Using the data that follows, return exactly the lines from the one that contains "Frankfurter Ober-Post-Amts-Zeitung Sonntag" through the one that contains "streaming maupun yang", ends included.

═════ Records shown ═════

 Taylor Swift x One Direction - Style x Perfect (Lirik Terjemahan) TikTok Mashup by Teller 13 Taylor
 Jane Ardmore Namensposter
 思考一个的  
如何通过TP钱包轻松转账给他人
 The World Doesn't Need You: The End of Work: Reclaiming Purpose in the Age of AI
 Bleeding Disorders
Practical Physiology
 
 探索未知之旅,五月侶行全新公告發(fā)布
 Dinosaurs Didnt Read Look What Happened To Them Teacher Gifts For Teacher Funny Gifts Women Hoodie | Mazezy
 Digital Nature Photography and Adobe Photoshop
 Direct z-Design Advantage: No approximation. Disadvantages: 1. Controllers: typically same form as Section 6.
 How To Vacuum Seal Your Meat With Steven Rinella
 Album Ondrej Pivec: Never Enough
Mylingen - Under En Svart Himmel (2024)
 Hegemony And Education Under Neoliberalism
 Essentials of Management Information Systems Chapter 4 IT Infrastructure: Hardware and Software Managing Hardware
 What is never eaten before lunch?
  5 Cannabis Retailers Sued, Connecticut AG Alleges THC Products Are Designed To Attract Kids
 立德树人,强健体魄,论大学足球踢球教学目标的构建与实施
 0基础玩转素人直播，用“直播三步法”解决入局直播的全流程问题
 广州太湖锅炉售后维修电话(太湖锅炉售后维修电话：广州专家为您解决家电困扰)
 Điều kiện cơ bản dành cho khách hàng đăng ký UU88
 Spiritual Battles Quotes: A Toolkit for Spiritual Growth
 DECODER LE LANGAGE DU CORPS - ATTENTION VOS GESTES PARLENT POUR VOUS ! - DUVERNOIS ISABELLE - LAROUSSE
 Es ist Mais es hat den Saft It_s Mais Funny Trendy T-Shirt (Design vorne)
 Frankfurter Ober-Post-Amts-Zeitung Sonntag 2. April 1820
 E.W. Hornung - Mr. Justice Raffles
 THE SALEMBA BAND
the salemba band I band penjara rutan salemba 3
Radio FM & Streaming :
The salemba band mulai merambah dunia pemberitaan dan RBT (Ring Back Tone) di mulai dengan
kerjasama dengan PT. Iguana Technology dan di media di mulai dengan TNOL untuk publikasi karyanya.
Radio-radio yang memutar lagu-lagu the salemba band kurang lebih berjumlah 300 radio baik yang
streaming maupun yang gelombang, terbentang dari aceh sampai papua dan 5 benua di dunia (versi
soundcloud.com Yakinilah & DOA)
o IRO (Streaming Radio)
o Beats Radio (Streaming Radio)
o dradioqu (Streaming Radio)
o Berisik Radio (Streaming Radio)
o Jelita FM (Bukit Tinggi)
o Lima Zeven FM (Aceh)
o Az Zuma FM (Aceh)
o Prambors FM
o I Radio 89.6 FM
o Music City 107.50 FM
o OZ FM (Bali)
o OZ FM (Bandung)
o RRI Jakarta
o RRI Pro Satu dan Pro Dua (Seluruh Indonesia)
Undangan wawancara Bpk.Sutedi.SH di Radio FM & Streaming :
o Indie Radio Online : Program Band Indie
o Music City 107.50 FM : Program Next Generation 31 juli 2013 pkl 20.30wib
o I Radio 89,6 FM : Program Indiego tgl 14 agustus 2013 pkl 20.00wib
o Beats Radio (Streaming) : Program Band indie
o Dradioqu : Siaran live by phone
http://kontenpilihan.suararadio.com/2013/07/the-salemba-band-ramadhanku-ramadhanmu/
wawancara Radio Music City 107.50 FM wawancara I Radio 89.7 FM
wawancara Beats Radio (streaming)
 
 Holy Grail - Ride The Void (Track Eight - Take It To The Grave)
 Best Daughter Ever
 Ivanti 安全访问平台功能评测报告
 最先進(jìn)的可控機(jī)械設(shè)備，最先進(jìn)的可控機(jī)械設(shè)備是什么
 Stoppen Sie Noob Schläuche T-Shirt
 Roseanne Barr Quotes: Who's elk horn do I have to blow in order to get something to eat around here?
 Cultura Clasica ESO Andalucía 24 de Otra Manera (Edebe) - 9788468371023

═════

→ Written solution:
 Frankfurter Ober-Post-Amts-Zeitung Sonntag 2. April 1820
 E.W. Hornung - Mr. Justice Raffles
 THE SALEMBA BAND
the salemba band I band penjara rutan salemba 3
Radio FM & Streaming :
The salemba band mulai merambah dunia pemberitaan dan RBT (Ring Back Tone) di mulai dengan
kerjasama dengan PT. Iguana Technology dan di media di mulai dengan TNOL untuk publikasi karyanya.
Radio-radio yang memutar lagu-lagu the salemba band kurang lebih berjumlah 300 radio baik yang
streaming maupun yang gelombang, terbentang dari aceh sampai papua dan 5 benua di dunia (versi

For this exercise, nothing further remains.